| Problem statement |
For the entries that follow, retype exactly the lines from the one containing "Маса за кафе Elements 007 Grey Blue Moooi" to the one containing "232619 - SKECHERS", inclusive, and only those. Images stay out of the copy.

| Recorded data |
######

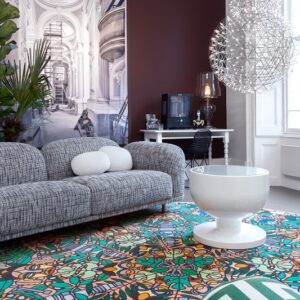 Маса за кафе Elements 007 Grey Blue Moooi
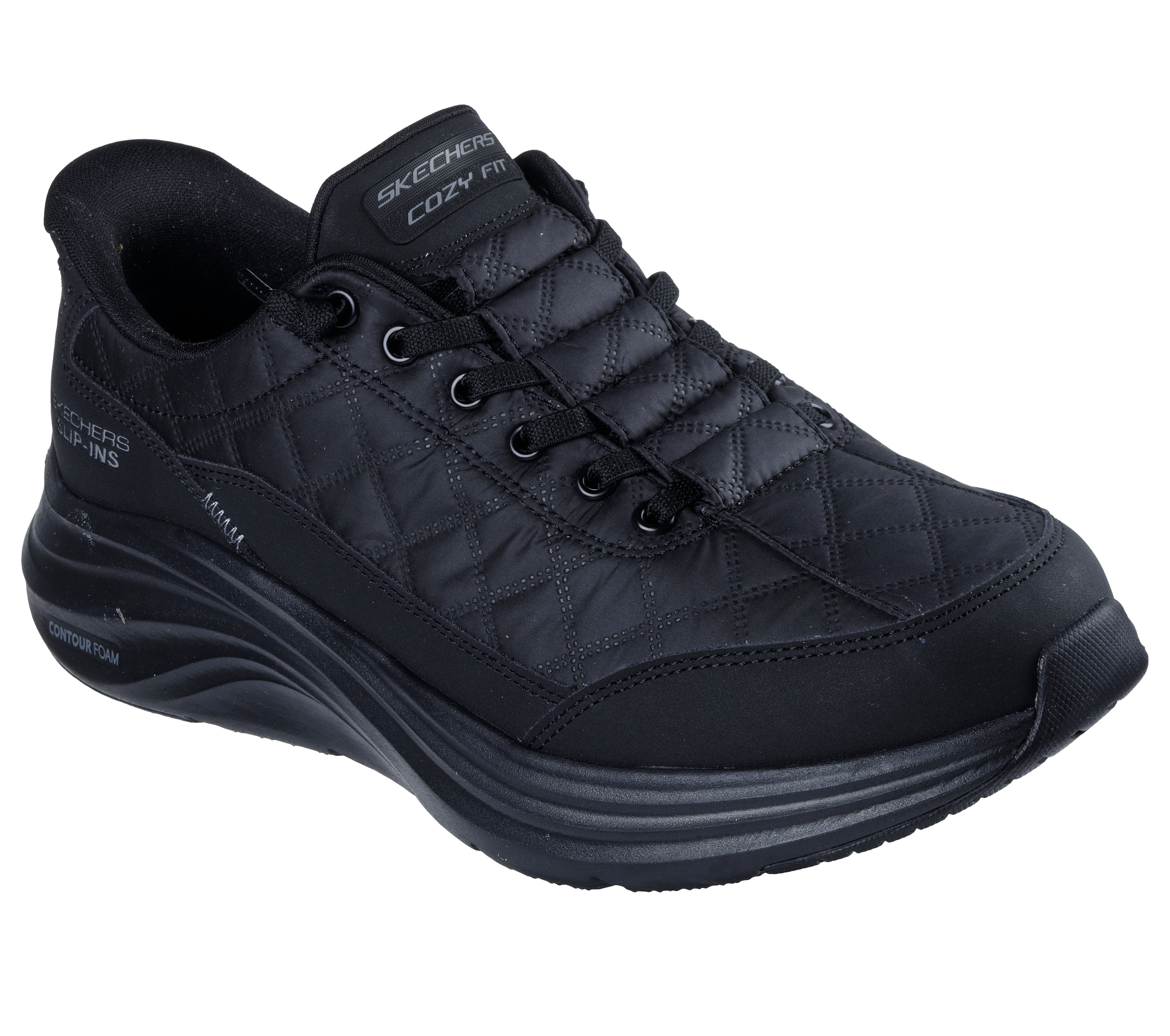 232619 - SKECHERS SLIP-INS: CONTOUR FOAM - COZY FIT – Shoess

######

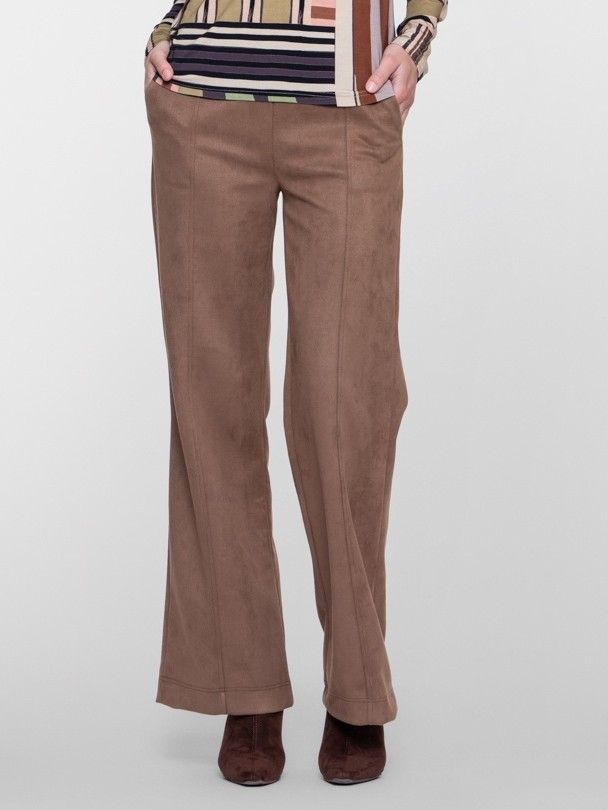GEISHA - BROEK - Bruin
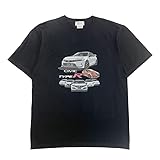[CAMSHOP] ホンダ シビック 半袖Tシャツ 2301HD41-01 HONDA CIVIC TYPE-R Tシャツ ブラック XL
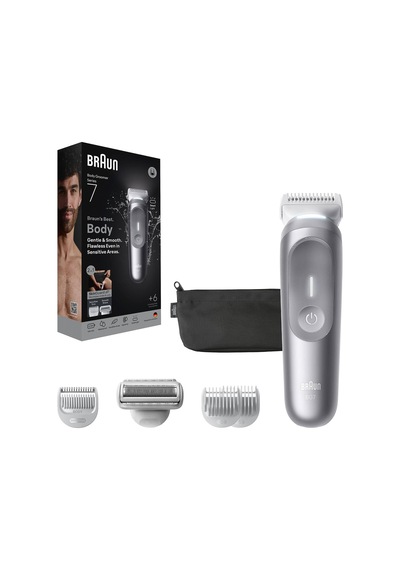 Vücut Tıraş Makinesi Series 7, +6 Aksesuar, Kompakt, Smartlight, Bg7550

######

| Written solution |
 Маса за кафе Elements 007 Grey Blue Moooi
 232619 - SKECHERS SLIP-INS: CONTOUR FOAM - COZY FIT – Shoess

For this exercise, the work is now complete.